===== Data in this exercise =====
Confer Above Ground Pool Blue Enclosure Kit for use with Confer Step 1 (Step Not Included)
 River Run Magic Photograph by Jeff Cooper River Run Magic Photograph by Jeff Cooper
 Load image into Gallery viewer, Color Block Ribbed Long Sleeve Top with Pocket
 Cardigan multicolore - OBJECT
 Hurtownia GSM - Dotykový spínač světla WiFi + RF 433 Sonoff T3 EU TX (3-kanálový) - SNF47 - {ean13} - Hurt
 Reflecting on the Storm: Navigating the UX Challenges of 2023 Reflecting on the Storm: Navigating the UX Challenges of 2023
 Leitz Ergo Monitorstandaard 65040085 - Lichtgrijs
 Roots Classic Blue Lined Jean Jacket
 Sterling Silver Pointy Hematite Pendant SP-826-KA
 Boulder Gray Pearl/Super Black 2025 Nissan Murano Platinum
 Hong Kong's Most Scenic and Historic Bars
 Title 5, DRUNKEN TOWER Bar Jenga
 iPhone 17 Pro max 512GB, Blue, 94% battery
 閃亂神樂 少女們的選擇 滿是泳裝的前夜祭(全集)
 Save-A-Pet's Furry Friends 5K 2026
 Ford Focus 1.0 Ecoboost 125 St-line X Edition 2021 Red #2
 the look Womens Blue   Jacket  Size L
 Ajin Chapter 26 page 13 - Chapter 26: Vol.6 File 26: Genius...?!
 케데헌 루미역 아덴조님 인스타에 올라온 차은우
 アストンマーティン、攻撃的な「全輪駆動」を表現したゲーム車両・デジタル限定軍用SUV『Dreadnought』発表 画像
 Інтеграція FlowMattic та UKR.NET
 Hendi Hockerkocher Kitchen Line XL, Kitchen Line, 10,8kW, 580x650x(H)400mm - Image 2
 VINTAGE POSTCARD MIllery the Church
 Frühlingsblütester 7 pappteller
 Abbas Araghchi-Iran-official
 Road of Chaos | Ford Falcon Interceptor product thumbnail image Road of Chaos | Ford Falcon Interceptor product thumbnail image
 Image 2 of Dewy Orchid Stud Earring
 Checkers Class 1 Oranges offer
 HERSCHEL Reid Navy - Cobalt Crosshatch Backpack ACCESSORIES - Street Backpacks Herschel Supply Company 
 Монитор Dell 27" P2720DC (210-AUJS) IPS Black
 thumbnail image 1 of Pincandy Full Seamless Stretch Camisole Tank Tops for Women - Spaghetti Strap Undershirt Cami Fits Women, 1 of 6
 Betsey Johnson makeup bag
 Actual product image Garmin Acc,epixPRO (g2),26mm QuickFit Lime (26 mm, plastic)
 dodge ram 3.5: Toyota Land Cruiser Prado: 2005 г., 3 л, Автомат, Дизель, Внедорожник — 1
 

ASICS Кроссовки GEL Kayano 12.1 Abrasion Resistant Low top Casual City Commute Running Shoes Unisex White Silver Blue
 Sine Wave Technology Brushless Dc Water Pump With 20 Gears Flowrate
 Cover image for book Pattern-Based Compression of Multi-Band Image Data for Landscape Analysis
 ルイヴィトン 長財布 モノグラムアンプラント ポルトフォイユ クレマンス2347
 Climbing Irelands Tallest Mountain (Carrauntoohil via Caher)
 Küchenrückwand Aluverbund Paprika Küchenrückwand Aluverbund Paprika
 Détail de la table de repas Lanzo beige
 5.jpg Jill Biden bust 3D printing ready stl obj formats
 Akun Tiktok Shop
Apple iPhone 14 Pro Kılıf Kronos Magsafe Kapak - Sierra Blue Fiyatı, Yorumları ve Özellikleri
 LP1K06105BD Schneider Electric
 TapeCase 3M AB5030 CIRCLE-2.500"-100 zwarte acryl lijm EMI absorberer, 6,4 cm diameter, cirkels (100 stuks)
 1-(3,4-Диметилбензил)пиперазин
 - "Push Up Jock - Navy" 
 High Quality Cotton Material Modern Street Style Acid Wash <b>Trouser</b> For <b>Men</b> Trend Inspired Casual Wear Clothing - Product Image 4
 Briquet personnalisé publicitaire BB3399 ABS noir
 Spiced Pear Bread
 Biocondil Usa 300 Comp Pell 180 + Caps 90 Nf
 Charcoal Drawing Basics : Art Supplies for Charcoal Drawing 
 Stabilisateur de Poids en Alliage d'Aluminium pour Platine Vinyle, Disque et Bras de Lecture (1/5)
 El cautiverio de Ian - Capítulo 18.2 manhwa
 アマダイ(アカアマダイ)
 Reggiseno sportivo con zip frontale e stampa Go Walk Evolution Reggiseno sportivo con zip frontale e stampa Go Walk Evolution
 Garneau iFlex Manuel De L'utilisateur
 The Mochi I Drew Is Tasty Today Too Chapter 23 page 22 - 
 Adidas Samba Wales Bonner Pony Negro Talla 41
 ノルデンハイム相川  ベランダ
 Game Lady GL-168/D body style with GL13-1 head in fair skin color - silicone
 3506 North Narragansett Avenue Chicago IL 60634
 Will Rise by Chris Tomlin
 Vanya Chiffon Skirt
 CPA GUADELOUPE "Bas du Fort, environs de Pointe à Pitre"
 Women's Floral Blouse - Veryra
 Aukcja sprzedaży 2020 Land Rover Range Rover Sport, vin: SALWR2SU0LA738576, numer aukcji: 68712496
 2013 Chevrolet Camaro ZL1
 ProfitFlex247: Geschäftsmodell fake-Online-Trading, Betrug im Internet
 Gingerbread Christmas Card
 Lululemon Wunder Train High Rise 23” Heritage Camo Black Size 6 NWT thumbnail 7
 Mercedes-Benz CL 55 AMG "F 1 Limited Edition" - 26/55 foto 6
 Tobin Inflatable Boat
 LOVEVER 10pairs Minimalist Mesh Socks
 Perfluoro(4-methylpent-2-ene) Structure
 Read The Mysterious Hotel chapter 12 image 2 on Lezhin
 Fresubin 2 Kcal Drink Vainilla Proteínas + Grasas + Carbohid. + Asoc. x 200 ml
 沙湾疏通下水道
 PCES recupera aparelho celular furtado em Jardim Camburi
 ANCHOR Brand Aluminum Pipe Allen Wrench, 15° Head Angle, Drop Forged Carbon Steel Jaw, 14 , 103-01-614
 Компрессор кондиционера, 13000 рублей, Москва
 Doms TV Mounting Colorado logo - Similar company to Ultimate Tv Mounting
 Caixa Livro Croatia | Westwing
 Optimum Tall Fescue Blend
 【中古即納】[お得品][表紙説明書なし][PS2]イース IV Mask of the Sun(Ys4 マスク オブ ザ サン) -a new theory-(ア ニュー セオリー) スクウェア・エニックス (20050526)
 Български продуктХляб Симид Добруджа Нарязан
=====
Print each record word for word.

Reply:
Confer Above Ground Pool Blue Enclosure Kit for use with Confer Step 1 (Step Not Included)
 River Run Magic Photograph by Jeff Cooper River Run Magic Photograph by Jeff Cooper
 Load image into Gallery viewer, Color Block Ribbed Long Sleeve Top with Pocket
 Cardigan multicolore - OBJECT
 Hurtownia GSM - Dotykový spínač světla WiFi + RF 433 Sonoff T3 EU TX (3-kanálový) - SNF47 - {ean13} - Hurt
 Reflecting on the Storm: Navigating the UX Challenges of 2023 Reflecting on the Storm: Navigating the UX Challenges of 2023
 Leitz Ergo Monitorstandaard 65040085 - Lichtgrijs
 Roots Classic Blue Lined Jean Jacket
 Sterling Silver Pointy Hematite Pendant SP-826-KA
 Boulder Gray Pearl/Super Black 2025 Nissan Murano Platinum
 Hong Kong's Most Scenic and Historic Bars
 Title 5, DRUNKEN TOWER Bar Jenga
 iPhone 17 Pro max 512GB, Blue, 94% battery
 閃亂神樂 少女們的選擇 滿是泳裝的前夜祭(全集)
 Save-A-Pet's Furry Friends 5K 2026
 Ford Focus 1.0 Ecoboost 125 St-line X Edition 2021 Red #2
 the look Womens Blue   Jacket  Size L
 Ajin Chapter 26 page 13 - Chapter 26: Vol.6 File 26: Genius...?!
 케데헌 루미역 아덴조님 인스타에 올라온 차은우
 アストンマーティン、攻撃的な「全輪駆動」を表現したゲーム車両・デジタル限定軍用SUV『Dreadnought』発表 画像
 Інтеграція FlowMattic та UKR.NET
 Hendi Hockerkocher Kitchen Line XL, Kitchen Line, 10,8kW, 580x650x(H)400mm - Image 2
 VINTAGE POSTCARD MIllery the Church
 Frühlingsblütester 7 pappteller
 Abbas Araghchi-Iran-official
 Road of Chaos | Ford Falcon Interceptor product thumbnail image Road of Chaos | Ford Falcon Interceptor product thumbnail image
 Image 2 of Dewy Orchid Stud Earring
 Checkers Class 1 Oranges offer
 HERSCHEL Reid Navy - Cobalt Crosshatch Backpack ACCESSORIES - Street Backpacks Herschel Supply Company 
 Монитор Dell 27" P2720DC (210-AUJS) IPS Black
 thumbnail image 1 of Pincandy Full Seamless Stretch Camisole Tank Tops for Women - Spaghetti Strap Undershirt Cami Fits Women, 1 of 6
 Betsey Johnson makeup bag
 Actual product image Garmin Acc,epixPRO (g2),26mm QuickFit Lime (26 mm, plastic)
 dodge ram 3.5: Toyota Land Cruiser Prado: 2005 г., 3 л, Автомат, Дизель, Внедорожник — 1
 

ASICS Кроссовки GEL Kayano 12.1 Abrasion Resistant Low top Casual City Commute Running Shoes Unisex White Silver Blue
 Sine Wave Technology Brushless Dc Water Pump With 20 Gears Flowrate
 Cover image for book Pattern-Based Compression of Multi-Band Image Data for Landscape Analysis
 ルイヴィトン 長財布 モノグラムアンプラント ポルトフォイユ クレマンス2347
 Climbing Irelands Tallest Mountain (Carrauntoohil via Caher)
 Küchenrückwand Aluverbund Paprika Küchenrückwand Aluverbund Paprika
 Détail de la table de repas Lanzo beige
 5.jpg Jill Biden bust 3D printing ready stl obj formats
 Akun Tiktok Shop
Apple iPhone 14 Pro Kılıf Kronos Magsafe Kapak - Sierra Blue Fiyatı, Yorumları ve Özellikleri
 LP1K06105BD Schneider Electric
 TapeCase 3M AB5030 CIRCLE-2.500"-100 zwarte acryl lijm EMI absorberer, 6,4 cm diameter, cirkels (100 stuks)
 1-(3,4-Диметилбензил)пиперазин
 - "Push Up Jock - Navy" 
 High Quality Cotton Material Modern Street Style Acid Wash <b>Trouser</b> For <b>Men</b> Trend Inspired Casual Wear Clothing - Product Image 4
 Briquet personnalisé publicitaire BB3399 ABS noir
 Spiced Pear Bread
 Biocondil Usa 300 Comp Pell 180 + Caps 90 Nf
 Charcoal Drawing Basics : Art Supplies for Charcoal Drawing 
 Stabilisateur de Poids en Alliage d'Aluminium pour Platine Vinyle, Disque et Bras de Lecture (1/5)
 El cautiverio de Ian - Capítulo 18.2 manhwa
 アマダイ(アカアマダイ)
 Reggiseno sportivo con zip frontale e stampa Go Walk Evolution Reggiseno sportivo con zip frontale e stampa Go Walk Evolution
 Garneau iFlex Manuel De L'utilisateur
 The Mochi I Drew Is Tasty Today Too Chapter 23 page 22 - 
 Adidas Samba Wales Bonner Pony Negro Talla 41
 ノルデンハイム相川  ベランダ
 Game Lady GL-168/D body style with GL13-1 head in fair skin color - silicone
 3506 North Narragansett Avenue Chicago IL 60634
 Will Rise by Chris Tomlin
 Vanya Chiffon Skirt
 CPA GUADELOUPE "Bas du Fort, environs de Pointe à Pitre"
 Women's Floral Blouse - Veryra
 Aukcja sprzedaży 2020 Land Rover Range Rover Sport, vin: SALWR2SU0LA738576, numer aukcji: 68712496
 2013 Chevrolet Camaro ZL1
 ProfitFlex247: Geschäftsmodell fake-Online-Trading, Betrug im Internet
 Gingerbread Christmas Card
 Lululemon Wunder Train High Rise 23” Heritage Camo Black Size 6 NWT thumbnail 7
 Mercedes-Benz CL 55 AMG "F 1 Limited Edition" - 26/55 foto 6
 Tobin Inflatable Boat
 LOVEVER 10pairs Minimalist Mesh Socks
 Perfluoro(4-methylpent-2-ene) Structure
 Read The Mysterious Hotel chapter 12 image 2 on Lezhin
 Fresubin 2 Kcal Drink Vainilla Proteínas + Grasas + Carbohid. + Asoc. x 200 ml
 沙湾疏通下水道
 PCES recupera aparelho celular furtado em Jardim Camburi
 ANCHOR Brand Aluminum Pipe Allen Wrench, 15° Head Angle, Drop Forged Carbon Steel Jaw, 14 , 103-01-614
 Компрессор кондиционера, 13000 рублей, Москва
 Doms TV Mounting Colorado logo - Similar company to Ultimate Tv Mounting
 Caixa Livro Croatia | Westwing
 Optimum Tall Fescue Blend
 【中古即納】[お得品][表紙説明書なし][PS2]イース IV Mask of the Sun(Ys4 マスク オブ ザ サン) -a new theory-(ア ニュー セオリー) スクウェア・エニックス (20050526)
 Български продуктХляб Симид Добруджа Нарязан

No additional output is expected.